Por Edgardo Mocca
Publicado en PAGINA 12
La línea argumental en la que se apoya Hugo Moyano para fundar el cambio de sus relaciones con el Gobierno tiene un interés específico, más allá de los episodios conflictivos que, con desdichada frecuencia, va poniendo en escena la dirección cegetista.
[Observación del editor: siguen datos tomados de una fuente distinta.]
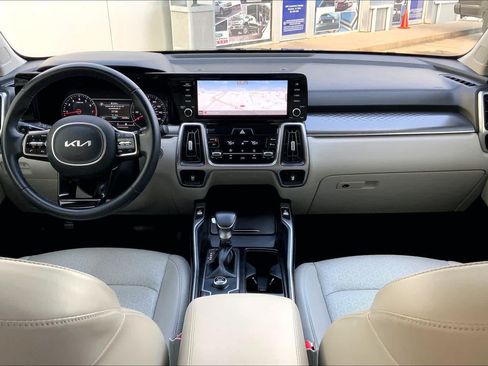 Used 2022 Kia Sorento S FWD image 16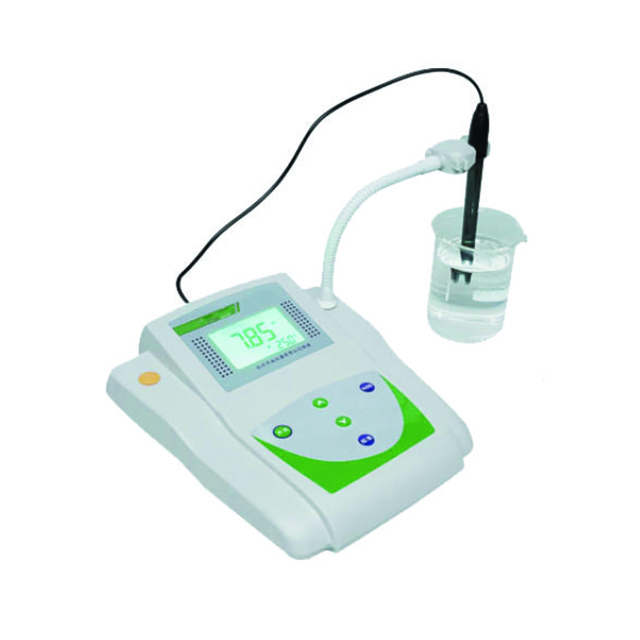 High Accuracy LCD Digital Conductivity Meter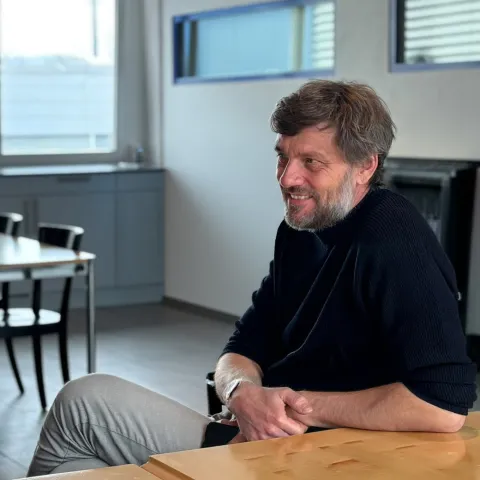 Der Geschäftsführer der AVA im Interview an einem Tisch sitzend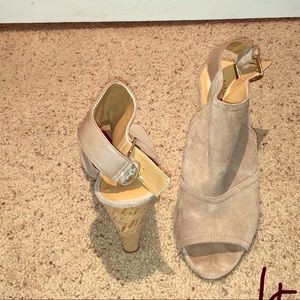 Nine West heels size 8.5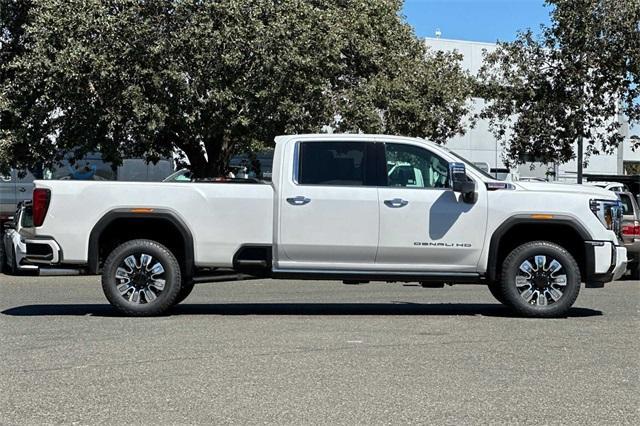 2025 GMC Sierra 3500 HD Vehicle Photo in ELK GROVE, CA 95757-8703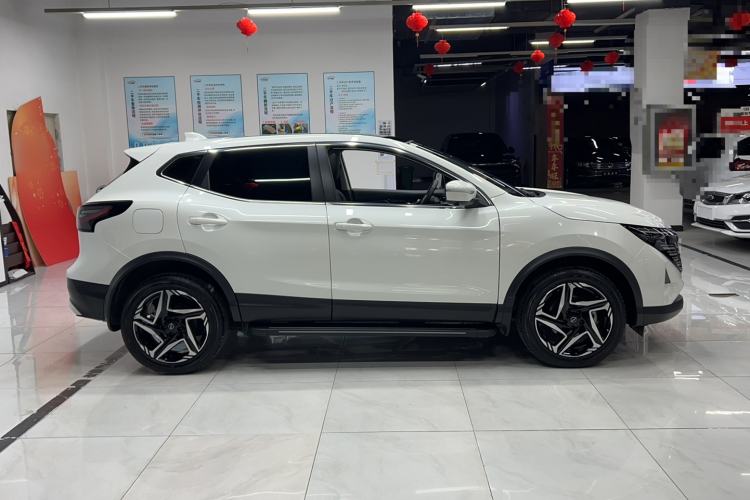Nissan Qashqai 2025 — 3
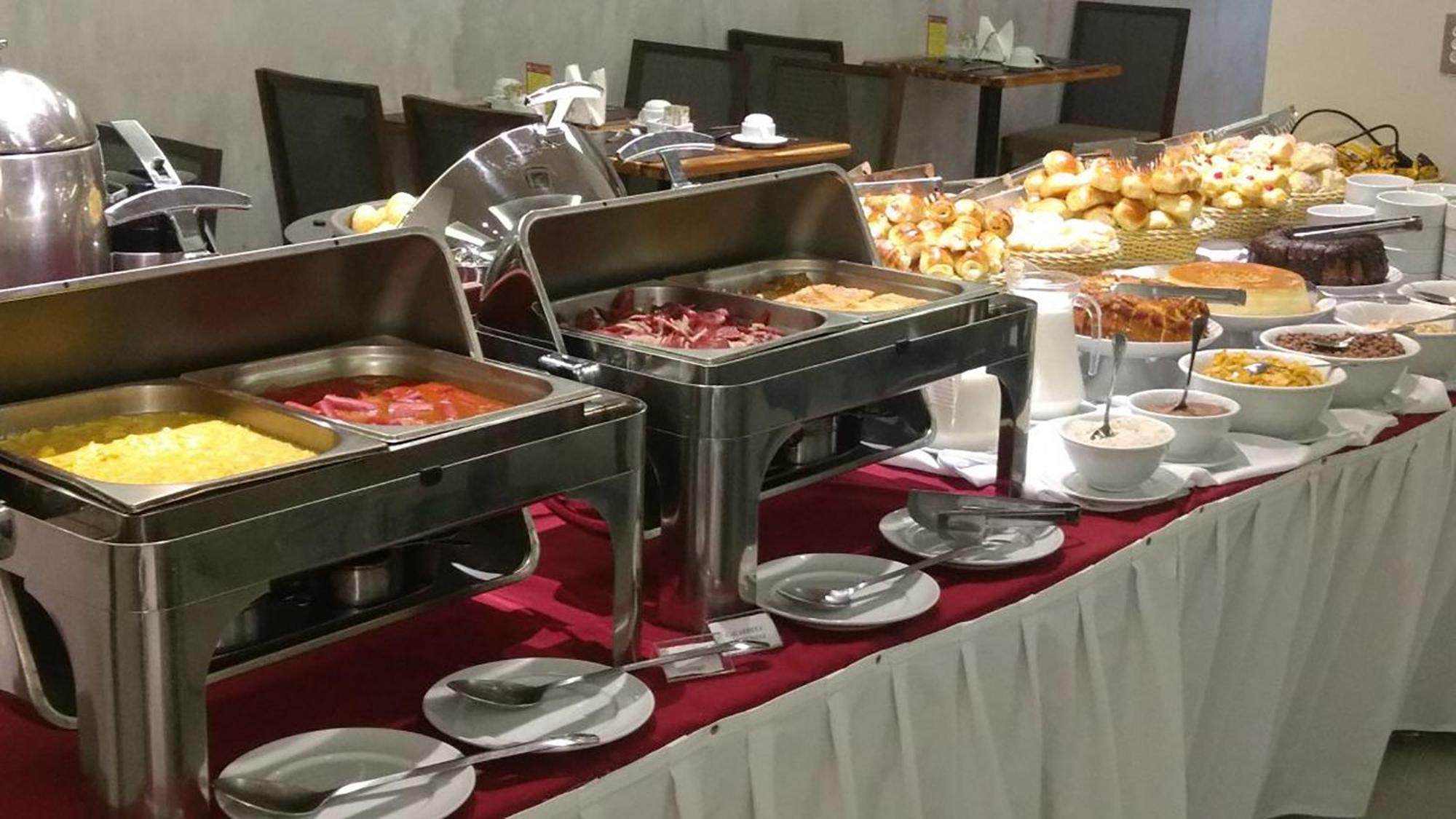 Hotel Atlantico Travel Copacabana Rio de Janeiro Exterior photo Breakfast buffet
El primer axioma de la retórica de la actual conducción sindical es la reivindicación de la condición peronista, a la que sitúan por encima de las circunstanciales relaciones con la estructura política del justicialismo y con el Gobierno. Es un clásico de la historia del peronismo: aquellos a quienes la lucha política deja fuera del centro decisorio del movimiento pasan a reivindicar lo que Carlos Altamirano denominó el “peronismo verdadero”. Es decir, una esencialidad constitutiva del peronismo que, por definición, no coincide con el “peronismo fáctico”, es decir la práctica que se desarrolla en nombre del movimiento, especialmente cuando éste ejerce el poder. Durante gran parte de las seis décadas y media transcurridas desde el histórico 17 de octubre de 1945, la impugnación por un supuesto abandono de los principios fundantes provino de los sectores más radicalizados y se dirigió a las burocracias sindicales y a los sectores conservadores orientados al pacto y la conciliación con los enemigos. Genéricamente, el peronismo verdadero fue esgrimido por las alas nacional-populares y de izquierda de la fuerza creada por Perón.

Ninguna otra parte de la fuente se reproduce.